Allah Subhanahu wa Ta’ala berfirman, ’Jika hamba-Ku berniat mengerjakan kebaikan, maka Aku menuliskan baginya satu kebaikan selagi ia tidak mengerjakannya. Jika ia sudah mengerjakannya, Aku menuliskan baginya sepuluh kali kebaikannya itu. Jika ia berniat mengerjakan kesalahan, maka Aku mengampuninya selagi ia tidak mengerjakannya. Jika ia sudah mengerjakan kesalahan tersebut, maka Aku menulisnya sebagai satu kesalahan yang sama.” Rasulullah Shallallahu ‘alaihi wa sallam bersabda, ”Para malaikat berkata, ’Wahai Rabb-ku, itu hamba-Mu ingin mengerjakan kesalahan –Dia lebih tahu tentang hamba-Nya-.’ Allah berfirman, ’Pantaulah dia. Jika ia mengerjakan kesalahan tersebut, tulislah sebagai satu kesalahan yang sama untuknya. Jika ia meninggalkan kesalahan tersebut, tulislah sebagai kebaikan untuknya, karena ia meninggalkan kesalahan tersebut karena takut kepada-Ku.’” Rasulullah Shallallahu ‘alaihi wa sallam bersabda, ”Jika salah seorang dari kalian memperbaiki keislamannya, maka setiap kebaikan yang dikerjakannya ditulis dengan sepuluh kebaikan yang sama hingga tujuh ratus kali lipat dan setiap kesalahan yang dikerjakannya ditulis dengan satu kesalahan yang sama hingga ia bertemu Allah.” (HR. Muslim no. 129)

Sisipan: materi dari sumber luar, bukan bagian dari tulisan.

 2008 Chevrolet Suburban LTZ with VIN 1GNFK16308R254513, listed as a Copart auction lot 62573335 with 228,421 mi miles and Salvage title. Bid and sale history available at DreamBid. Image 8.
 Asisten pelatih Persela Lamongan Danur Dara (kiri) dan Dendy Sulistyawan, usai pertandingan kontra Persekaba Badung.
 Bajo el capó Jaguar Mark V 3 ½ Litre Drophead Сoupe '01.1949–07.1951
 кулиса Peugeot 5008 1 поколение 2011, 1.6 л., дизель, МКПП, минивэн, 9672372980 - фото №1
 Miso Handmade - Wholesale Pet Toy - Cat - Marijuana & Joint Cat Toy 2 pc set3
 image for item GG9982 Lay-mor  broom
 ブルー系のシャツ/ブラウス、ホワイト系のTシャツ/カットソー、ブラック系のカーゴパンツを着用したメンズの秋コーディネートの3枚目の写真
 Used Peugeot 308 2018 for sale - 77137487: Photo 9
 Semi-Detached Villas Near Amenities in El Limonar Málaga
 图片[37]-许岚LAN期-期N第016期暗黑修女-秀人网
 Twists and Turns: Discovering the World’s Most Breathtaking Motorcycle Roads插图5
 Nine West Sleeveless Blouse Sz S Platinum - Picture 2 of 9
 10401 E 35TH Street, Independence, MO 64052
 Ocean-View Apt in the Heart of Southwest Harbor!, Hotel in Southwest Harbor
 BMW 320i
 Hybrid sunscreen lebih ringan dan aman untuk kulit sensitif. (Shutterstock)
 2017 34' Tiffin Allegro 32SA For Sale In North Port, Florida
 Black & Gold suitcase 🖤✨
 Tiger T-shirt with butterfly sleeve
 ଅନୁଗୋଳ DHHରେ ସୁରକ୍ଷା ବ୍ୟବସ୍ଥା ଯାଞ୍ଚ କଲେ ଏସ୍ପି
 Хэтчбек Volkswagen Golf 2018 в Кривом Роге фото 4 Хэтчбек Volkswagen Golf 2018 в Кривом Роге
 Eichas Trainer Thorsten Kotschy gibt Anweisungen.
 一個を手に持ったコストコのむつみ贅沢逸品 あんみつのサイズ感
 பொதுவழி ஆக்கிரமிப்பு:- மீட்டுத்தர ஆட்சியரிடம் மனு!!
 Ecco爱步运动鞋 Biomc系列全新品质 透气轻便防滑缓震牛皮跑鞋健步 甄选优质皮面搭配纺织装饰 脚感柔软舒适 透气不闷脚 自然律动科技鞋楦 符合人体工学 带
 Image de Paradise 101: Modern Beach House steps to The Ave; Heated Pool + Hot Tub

Hadits diatas memberi gambaran kepada kita bahwa amal kebaikan baru dalam bentuk niat saja sudah mendapat pahala, terlebih jika kebaikan itu ditunaikan, Allah Ta’ala berikan ganjaran berlipat kali, ini menandakan bahwa tidak akan pernah manusia itu akan mendapat kerugian dalam segala bentuk amal kebaikan yang diniatkan ikhlas karena Allah.
Belum lagi terhitung ketika berbagai bentuk amal ke sholihan, seperti tilawah Alquran, sholat, zakat, sedekah, shaum dan lain-lain. Termasuk didalamnya melaksanakan semua perintah syariat dengan ikhlas dan hanya mengharap wajah Allah, maka balasannya tidak lain adalah surga, dan itu keberuntungan yang tak pernah akan merugi selamanya.
Allah Ta’ala, berfirman:
وَالْوَزْنُ يَوْمَئِذٍ الْحَقُّ ۚ فَمَنْ ثَقُلَتْ مَوٰزِينُهُۥ فَأُولٰٓئِكَ هُمُ الْمُفْلِحُونَ
“Timbangan pada hari itu (menjadi ukuran) kebenaran. Maka, barang siapa berat timbangan (kebaikan)nya, mereka itulah orang yang beruntung,” (QS. Al-A’raf 7: Ayat 8)
وَمَنْ خَفَّتْ مَوٰزِينُهُۥ فَأُولٰٓئِكَ الَّذِينَ خَسِرُوٓا أَنْفُسَهُمْ بِمَا كَانُوا بِئَايٰتِنَا يَظْلِمُونَ
“dan barang siapa ringan timbangan (kebaikan)nya, maka mereka itulah orang yang telah merugikan dirinya sendiri, karena mereka mengingkari ayat-ayat Kami.” (QS. Al-A’raf 7: Ayat 9)
Ibnu Rajab menjelaskan dengan membawakan perkataan salaf lainnya, ”Balasan dari amalan kebaikan adalah amalan kebaikan selanjutnya. Barangsiapa melaksanakan kebaikan lalu melanjutkan dengan kebaikan lainnya, maka itu adalah tanda diterimanya amalan yang pertama. Begitu pula barangsiapa yang melaksanakan kebaikan, namun malah dilanjutkan dengan amalan kejelekan, maka ini adalah tanda tertolaknya atau tidak diterimanya amalan kebaikan yang telah dilakukan.” (Latho-if Al Ma’arif, Ibnu Rajab Al Hambali)
Oleh sebab itu siapa saja yang di dalam pangkal fitrahnya belum didapati sifat baik dan ingin beramal baik misalnya, maka hendaklah ia memaksakan diri berbuat baik, barang siapa yang tidak diciptakan memiliki sifat rendah hati, hendaklah ia berusaha keras bersifat rendah hati sampai terbiasa.
Begitu dan seterusnya, ketika belum terbiasa baca dan menghafal Alquran berusahalah untuk dipaksa, agar terbiasa. Demikian pula mengenai sifat-sifat yang lain, harus diterapi dengan melakukan kebalikannya sampai tujuan baik tercapai. Dengan cara melaksanakan kebaikan kebaikan secara kontinyu dan melawan syahwat hawa nafsu dengan terus-menerus, sehingga segalanya menjadi biasa dan terbiasa.